Eine warme Brise weht in den kleinen Raum und streicht über mein rostrotes Fell, das in den wenigen, wärmenden Sonnenstrahlen, die es durch das kleine Fenster schaffen, orange zu leuchten scheint. Mit geschlossenen Augen genieße ich die herrlichen Temperaturen hierzulande, die man in meiner Heimat nur allzu selten antrifft. Ein Teil von mir sehnt sich nach der Kälte und dem Schnee und dem wärmenden Kamin in der kleinen Hütte, die wir unser Zuhause nannten. Doch der andere Teil weiß es besser. Es ist nicht die Kälte, die ich vermisse oder unsere bescheidenen, aber gemütlichen vier Wände. Nichteinmal Vater, der doch so manches Jahr dafür gesorgt hatte, dass wir den Winter überstanden, bis er in einem besonders kalten Jahr krank geworden war.

Es geht um Kadu. Kadu war schon meine erste Priorität gewesen, seit er geboren war. Sieben Jahre nach mir hatte er unserer Mutter die letzte Kraft geraubt und so hatte ich es auf mich genommen, für den kleinen Kerl zu sorgen. Ich habe ihn beruhigt, wenn er Nachts nicht hatte schlafen können, habe ihn durch seine erste Verwandlung geführt und habe dafür gesorgt, dass er weiß, wie man die Nager auch unter der dicksten Schneedecke noch aufspürt. Er ist zu einem sorglosen Burschen heran gewachsen, aufgedreht aber dabei herzlich. Ich habe es immer mit Sorge beobachtet, wenn er wieder einmal in die Stadt ging, um sich mit Freunden zu treffen oder einfach die Gegend zu erkunden. Ein unbedachtes Wort oder eine gedankenlose Wandlung könnte nicht nur ihn sondern uns alle in große Gefahr bringen. Wann immer ich ihn über diese Gefahren belehrt habe, hat er jedoch nur gelacht und mir erklärt, dass er doch schon alt genug sei und wisse, was er tue. Und schließlich waren das doch seine Freunde. Und nicht einmal die würden etwas ahnen. Ich mache mir zu viele Sorgen.
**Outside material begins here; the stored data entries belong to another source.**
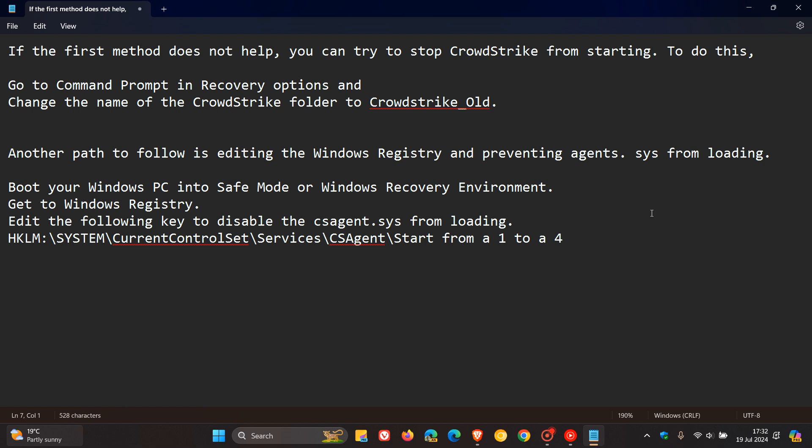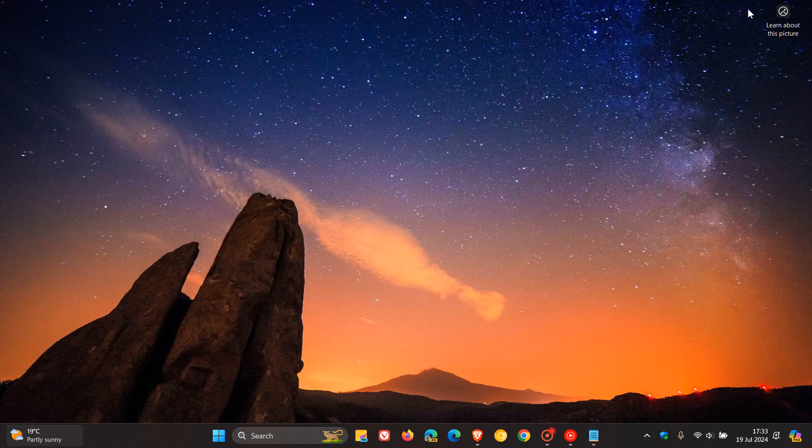And then the last and third thing you can try as a workaround is you can edit the Windows registry and prevent agent.sys from loading. So you would boot your Windows PC into safe mode or Windows recovery environment once again, and then you would get to Windows registry and edit the following key to disable the csagent.sys from loading. So I'll leave these instructions down below for quick access and reference.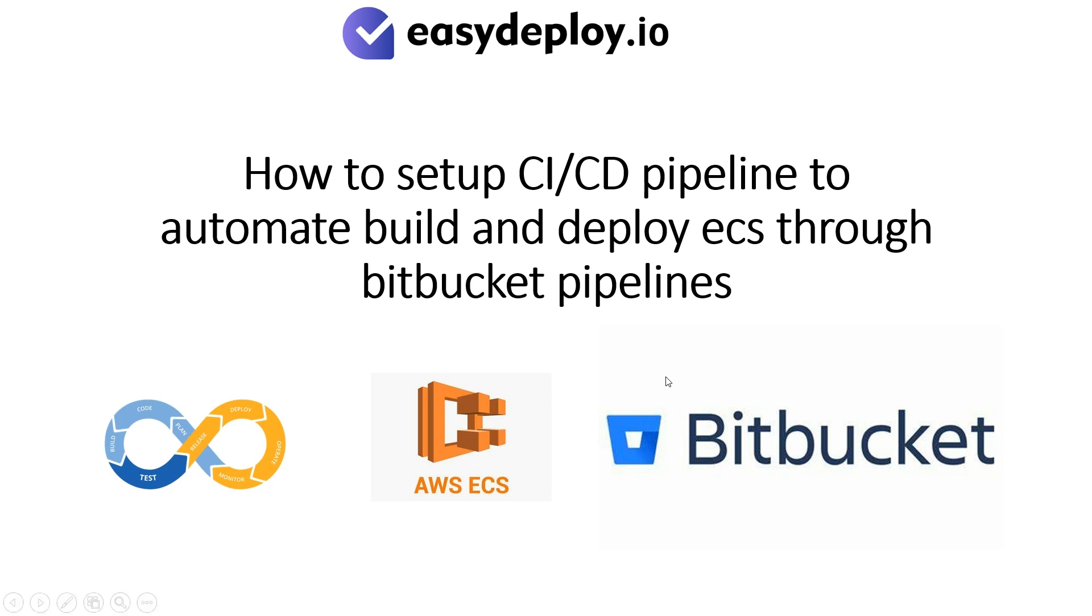Welcome to Easy Deploy YouTube channel. Today we are going to see how to set up CI/CD pipeline to automate build and deploy ECS through Bitbucket pipelines.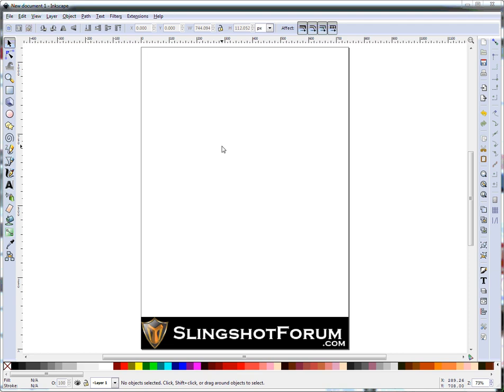Hi everybody, this is Rourke from slingshotforum.com and this is my very first Inkscape tutorial on how to draw a basic slingshot.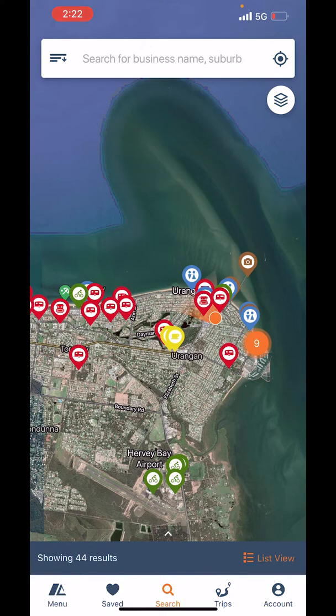Hi, Greg here from Campedia. Today in this how-to video we are going to look at our filters and how to filter by facility type.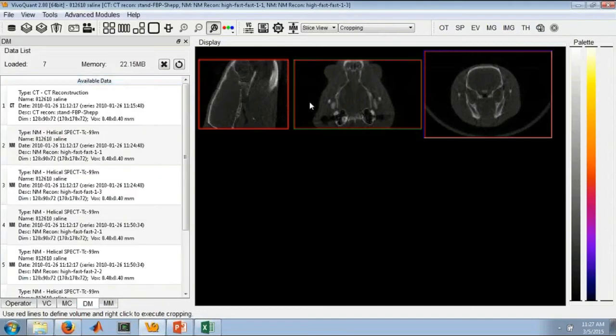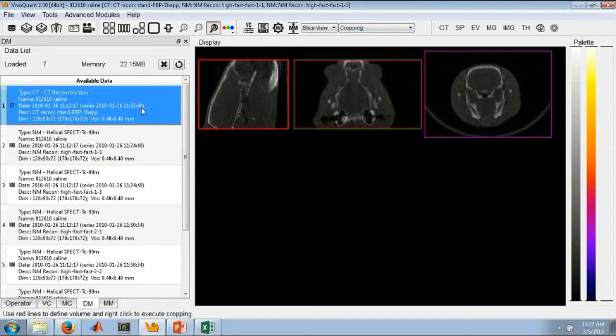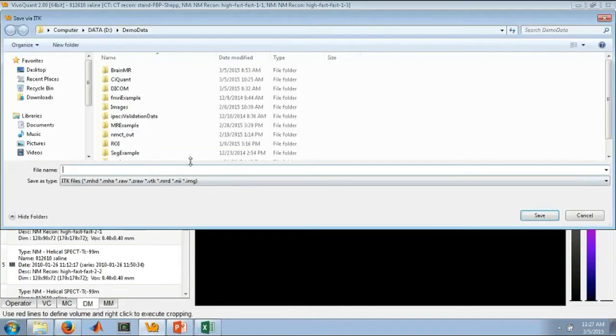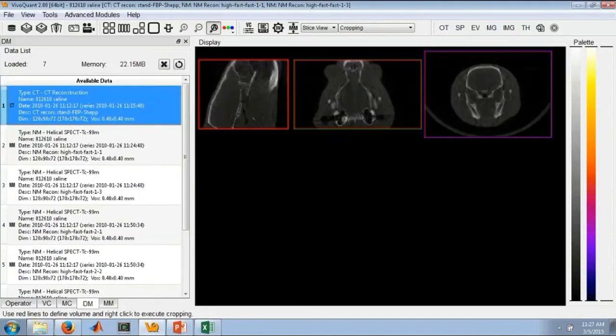The last thing that we've added in terms of your preprocessing is just the ability to save data. As much as we always have been able to, we've just added some additional formats to the ITK saver, particularly the ability to save in NIFTY.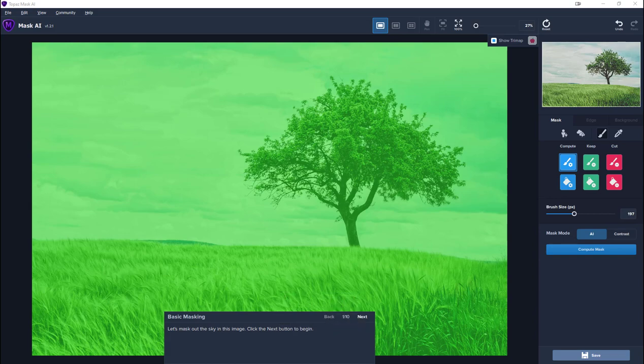Hi there, Andy Bell from Andy Bell Photography here, just having a quick look at the latest release of Mask AI by Topaz Labs, just released version 1.2.1.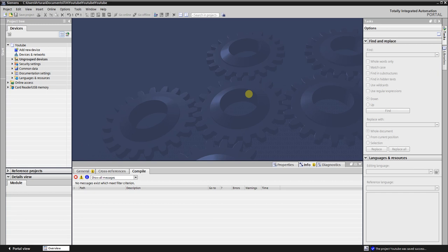Hello Youtubers. This video is a small lesson on how to control the Mitsubishi VFD via Profibus by the Siemens S7-1200 PLC.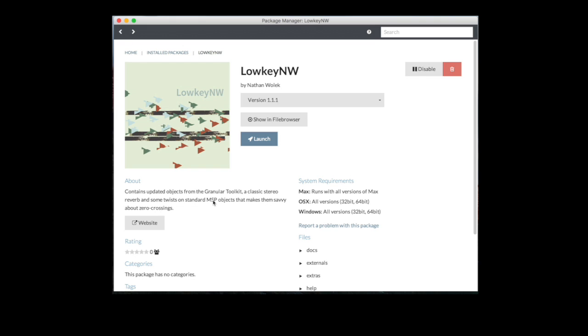These things are a quick overview of some of the new things that are part of the package manager. The rating system, the report a problem system, all these are part of the continuous improvements that we're making to the package manager to try and make your Max experience a lot better.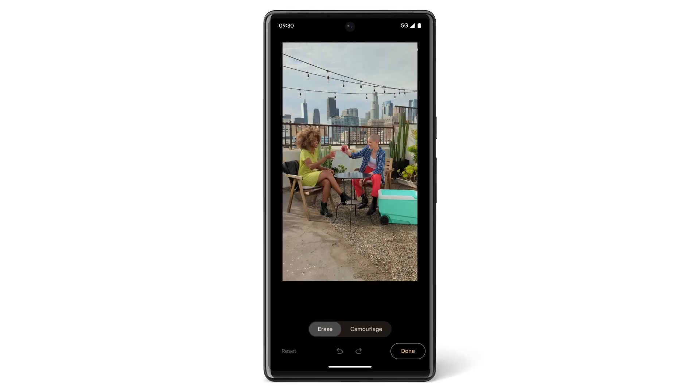If you don't want to erase an object but want to make it blend into the background instead, tap Camouflage.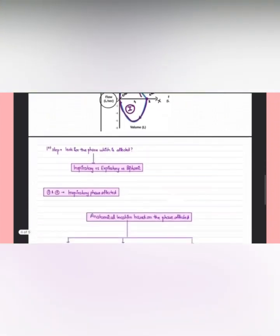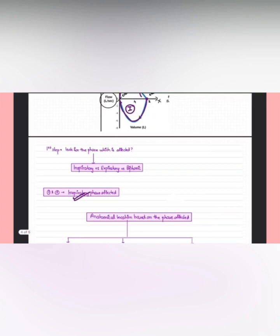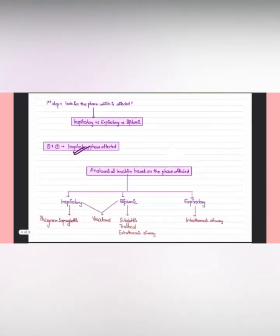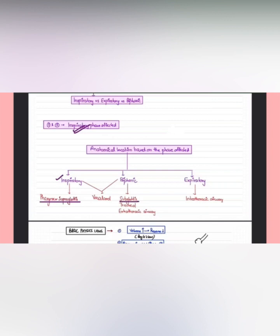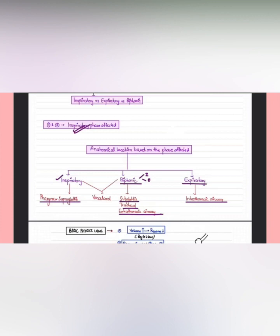The conclusion from history and the loop is that the patient has the inspiratory phase affected. We check which phase is affected because different anatomical locations of the airway are affected differently. If the patient has a problem in the pharynx or supraglottis, the inspiratory phase is affected. If the problem is in the subglottis, trachea, or extrathoracic airway, the biphasic phase is affected — both inspiration and expiration equally. If there is a problem in the intrathoracic airway, usually the expiratory phase is affected.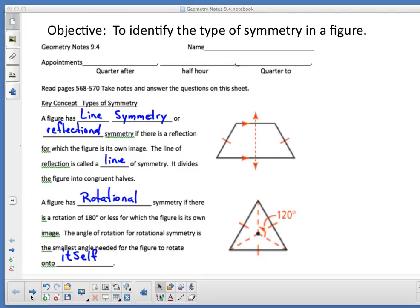Today we're doing section 9-4. The objective is to identify the type of symmetry in a figure. We're talking about line symmetry, rotational symmetry, and plane symmetry, and we're going to discuss those. If you have questions, ask them. I don't find today incredibly difficult, and none of the days we've done this have been. Everything we've done is properties — properties of translations, transformations.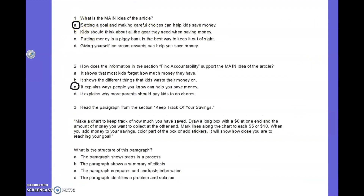Let's look at the next page. What is the main idea of the article? A. Setting a goal and making careful choices can help kids save money. B. Kids think about all the gear they need when saving money. C. Putting money in a piggy bank is the best way to keep it out of sight. D. Giving yourself ice cream rewards can help you save money. I circled A — because the article was mostly about setting goals and telling us ways to save money.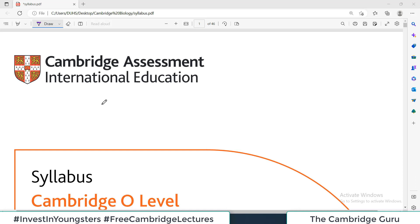Hello champions and welcome to my channel, the Cambridge Group. In this channel you will find videos for all Cambridge O-level and A-level subjects, and I will be using all the resources which are actually recommended by Cambridge International Education System itself.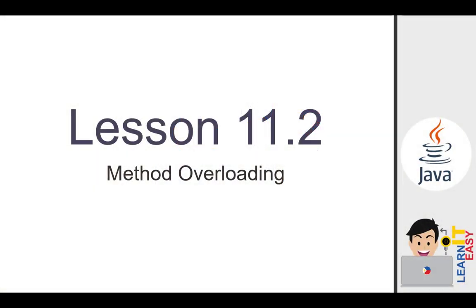Hi, I am Renmark and welcome to our video tutorial about Java programming. In this video, we will talk about lesson 11.2 which is method overloading. Let's get started.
Er war dreizehn, als er nicht zur verabredeten Zeit Zuhause war. Ich habe wahrscheinlich eine Kuhle in den Boden vor der Tür gelaufen, bevor ich schließlich doch los gelaufen bin. Es war schon dunkel, nicht einmal der Mond wollte sich in dieser Nacht zeigen. Ich weiß nicht, was genau passiert ist, nur, dass die Händler ihn entlarvt haben mussten und zwei von ihnen gerade lachend und voreinander prahlend aus der Kneipe kamen. Ich horchte erst auf, als ich das Wort Fuchs aufschnappte und entsetzt mein Kopf herum fuhr. Ich folgte den beiden zu ihrem Lager auf der anderen Seite der Ortschaft. Sie waren nicht alleine. Und ich war scheinbar in meiner Panik nicht leise genug, denn in dem Moment, in dem ich ihn entdeckte, explodierte Schmerz seitlich an meinem Kopf und die Welt wurde komplett schwarz.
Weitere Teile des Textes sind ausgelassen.